To learn that someone has died unexpectedly or prematurely is always shocking, especially when the dead is so undeserving of a hasty departure. Gerd Schroeter’s sudden disappearance from the intellectual scene reminds me of how good he was at what he did, and how he overcame with laconic humor and honesty what Adorno called the “damaged life” — that bitter fruit of the Second World War. He was once characterized by a mutual friend of ours in Kansas as possessed of “an ear for the queer,” which I took to be a compliment as much as an analysis. He knew first-hand the peculiarities of history and odd quirks of fate, which visited him one last time long before they should have.

I last saw Gerd at the recent ASA meeting in Toronto after a lapse of a decade or so, and he seemed as agelessly congenial and sincerely engaging as ever. He was that slightly built kind of enduring creature who, with a twinkle in the eyes, one imagines will last forever, chattering on into his late 80s about earlier days long after most of his generation have disappeared. To have him slip away in the night, and without having had the chance for another talk or letter, is truly an unsettling event.

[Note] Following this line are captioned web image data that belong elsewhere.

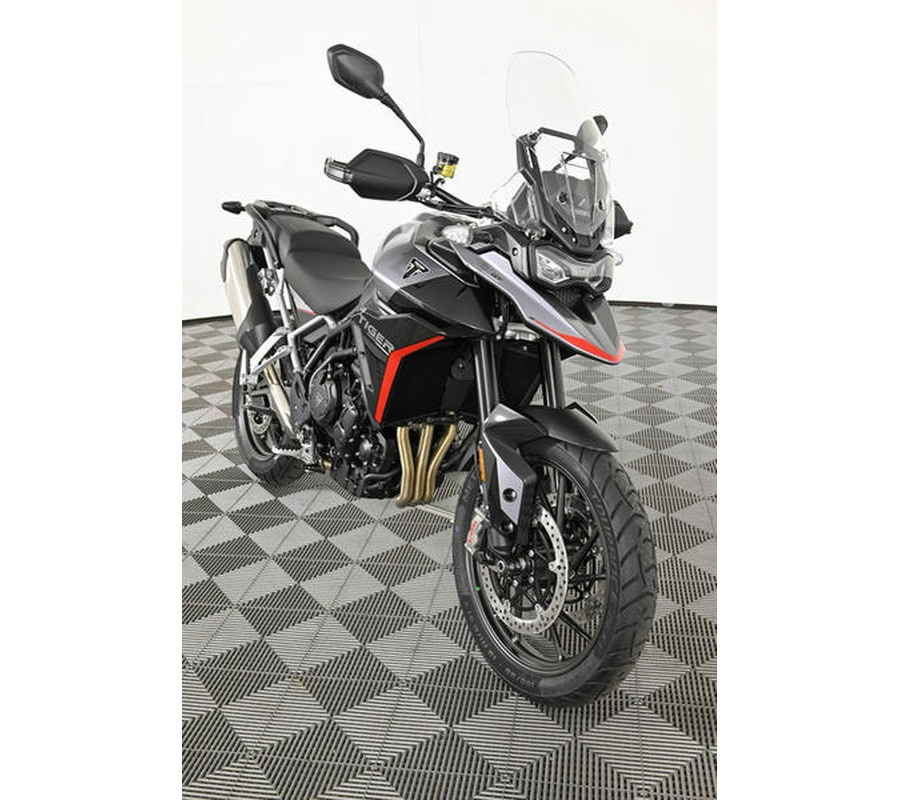 2024 Triumph Tiger 900 GT Graphite / Sapphire Black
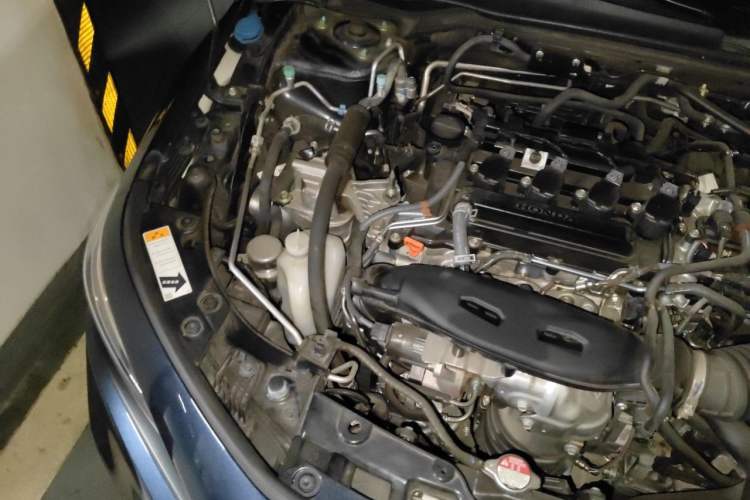 Used Honda Civic 2022 240TURBO CVT Dynamic Edition Engine Bay Right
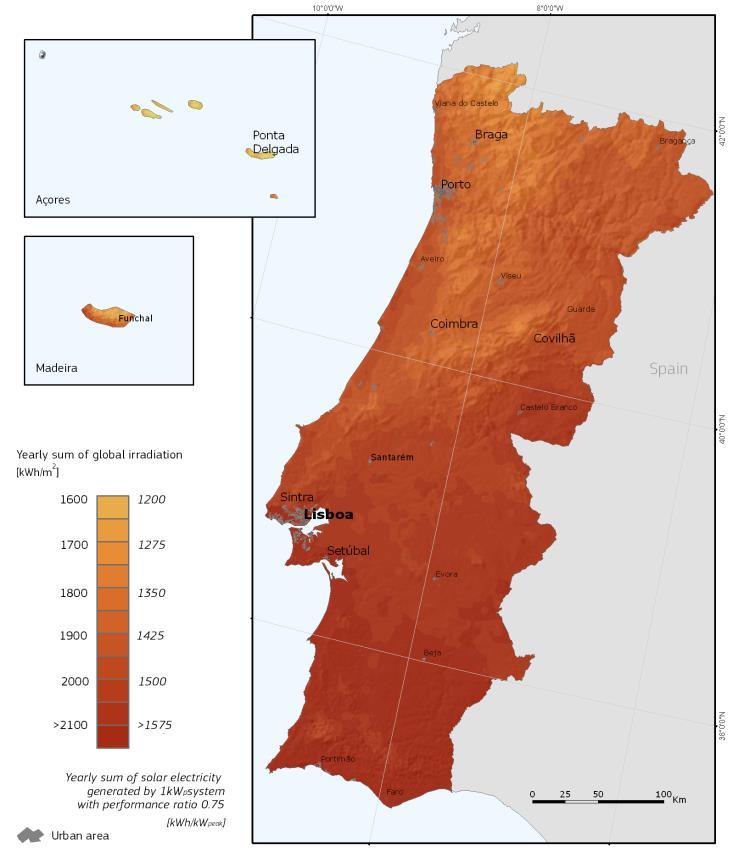 a) b) Figura 1 Irradiação global e potencial de eletricidade gerada em Portugal 13 : a) no plano horizontal; b) no plano com inclinação ótima (EU JRC, 2014) A tecnologia mais usual para a tecnologia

Recently the American Sociological Association agreed to help set up a national archive of sociological materials in the library at Penn State. Among the most interesting materials that will eventually be deposited there, I suspect, will be private letters sociologists have thought to preserve — which prompts the following archivally anchored tale, of the sort I think Gerd would have liked. During the mid-80s, Gerd and I shared the editing duties of a fledgling journal called History of Sociology, while I served as its amateur publisher. Its immediate predecessor was the Journal of the History of Sociology, begun in 1978. In its second year I was asked to become its book review editor, mainly because I had submitted a manuscript which argued that Weber and Pareto knew of each other and chose not to cite each other’s work — a contention which at the time was heretical and, I thought, somewhat provocative given their respective attitudes toward “the irrational” in social action.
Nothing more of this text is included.